Erich Beting Publicado em 18/01/2021, às 11h23

Imagem Opinião: Autenticidade é garantia de boa ativação
Conversa entre os goleiros Marcos e Weverton mostrou uma naturalidade que ajuda as marcas a entenderem o marketing esportivo
Reprodução

Final de jogo. Palmeiras 0 x 2 River Plate. Ainda atordoado pelo vareio de bola dos argentinos e pela suadíssima classificação à final da Copa Libertadores, o torcedor do Palmeiras não conseguia dormir na noite de terça-feira (12). Já era quase madrugada quando o ex-goleiro Marcos, um dos maiores ídolos da história do clube, decidiu fazer uma Live no seu perfil do Instagram para “desestressar”.

Assim como milhões de fanáticos palmeirenses, Marcão não conseguiria dormir. Precisava conversar sobre o jogo com outros torcedores, desabafar sobre a péssima atuação do time, agradecer aos juízes da partida, relembrar de tudo o que parecia não ter acontecido no Allianz Parque.

Em menos de 10min de Live, Marcos recebe uma solicitação para um convidado participar da Live conversando com ele. Era o goleiro do Palmeiras Weverton, que havia sofrido dois gols e salvo uma porção de outros. Ele ainda aguardava o exame antidoping nos corredores do estádio palmeirense.

A partir daí, começou um bate-papo entre o ídolo da única conquista da Libertadores e o salva-metas da atual campanha. Uma autêntica resenha de jogadores. Falando sobre o jogo, sobre o time, sobre fazer parte da história...

Quase meio milhão de pessoas já assistiu à Live do Marcão. E muitas outras milhares devem ver e rever nos próximos dias. O bate-papo entre os dois ganhou destaque em vários portais e, no domingo, foi alvo de uma longa reportagem do Esporte Espetacular, da TV Globo, que deu sequência à resenha entre os dois e programou a reutilização da camisa 12 por Weverton em matéria replicada no site de maior audiência do Brasil.

Nem que as assessorias de imprensa ou os gerentes de marketing tivessem planejado por dias um bate-papo desses, conseguiriam produzir algo semelhante. O que sobrou nesse caso foi a autenticidade. Marcos e Weverton foram autênticos. Usaram seus canais digitais para mostrar a cara e conversar sobre o que havia sido um jogo épico.

Sem a frieza e a artilharia pesada de uma entrevista coletiva.

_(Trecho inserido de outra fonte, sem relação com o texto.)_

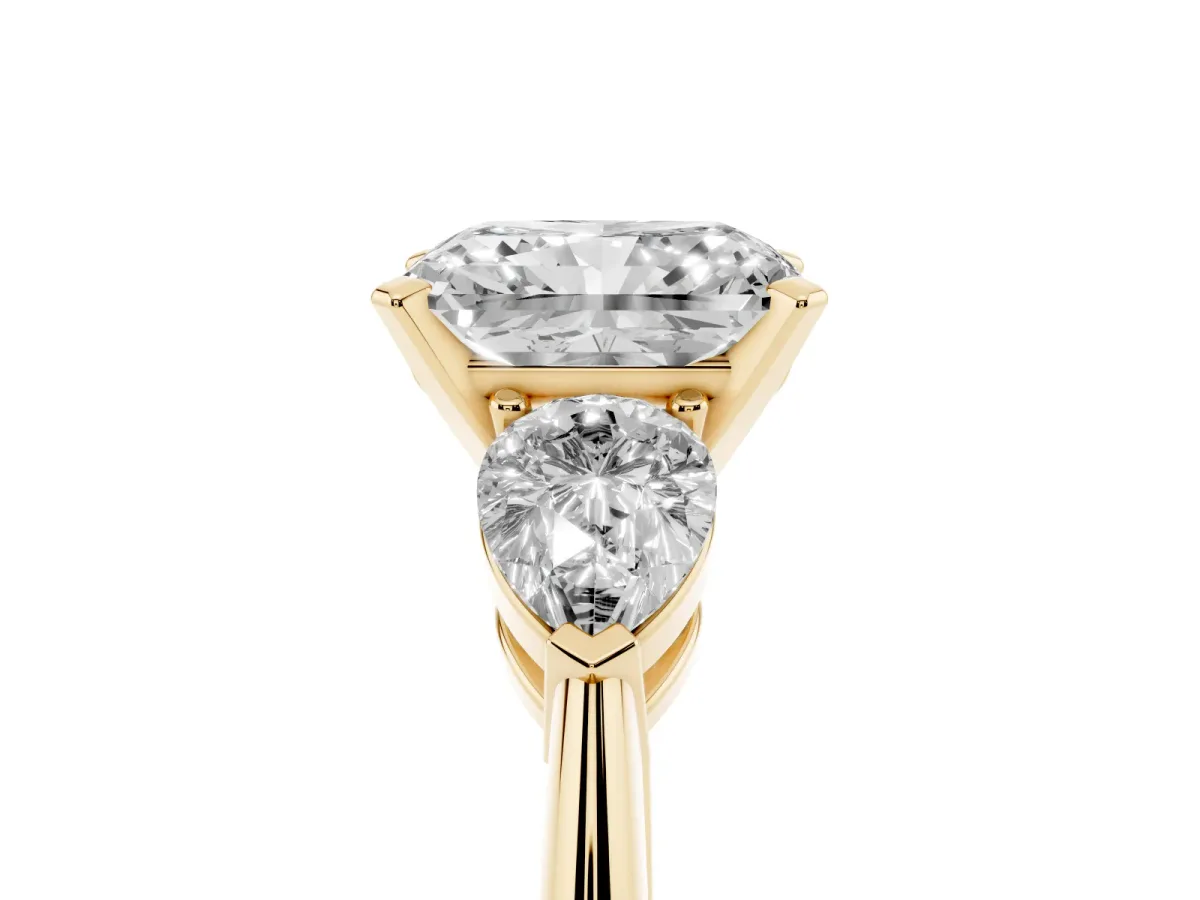 Three-Stone Radiant Cut Diamond Ring with Pear Side Stones and Four-Prong Setting Yellow gold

Sem os gestos calculados de uma ação de patrocinador.

Ser autêntico sempre foi certeza de uma boa ação envolvendo o esporte. Se tem algo que é mais do que sagrado na relação do esporte é a espontaneidade. Marcos é o craque que é não apenas pelo que fez dentro de campo, mas também por ser uma pessoa de carne e osso fora deles.

Ele é o torcedor autêntico palmeirense, que corneta os jogadores, que reclama de tudo, mas que no fim das contas canta e vibra pelo alviverde inteiro.

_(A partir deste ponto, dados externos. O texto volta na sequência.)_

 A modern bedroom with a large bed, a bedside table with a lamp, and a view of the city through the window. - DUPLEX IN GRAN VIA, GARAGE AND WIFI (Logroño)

O grande segredo para as ativações de patrocínio, que devem permear nossas “timelines” nas próximas semanas de decisões na Libertadores e na Copa do Brasil, é serem as mais autênticas possíveis.

Para quem não entende muito o que é isso, o bate-papo entre Marcos e Weverton é uma boa dica de como conseguir marcar o nome na história do torcedor sem mexer naquilo que é mais sagrado. A paixão dele pelo clube e pelos ídolos desse clube.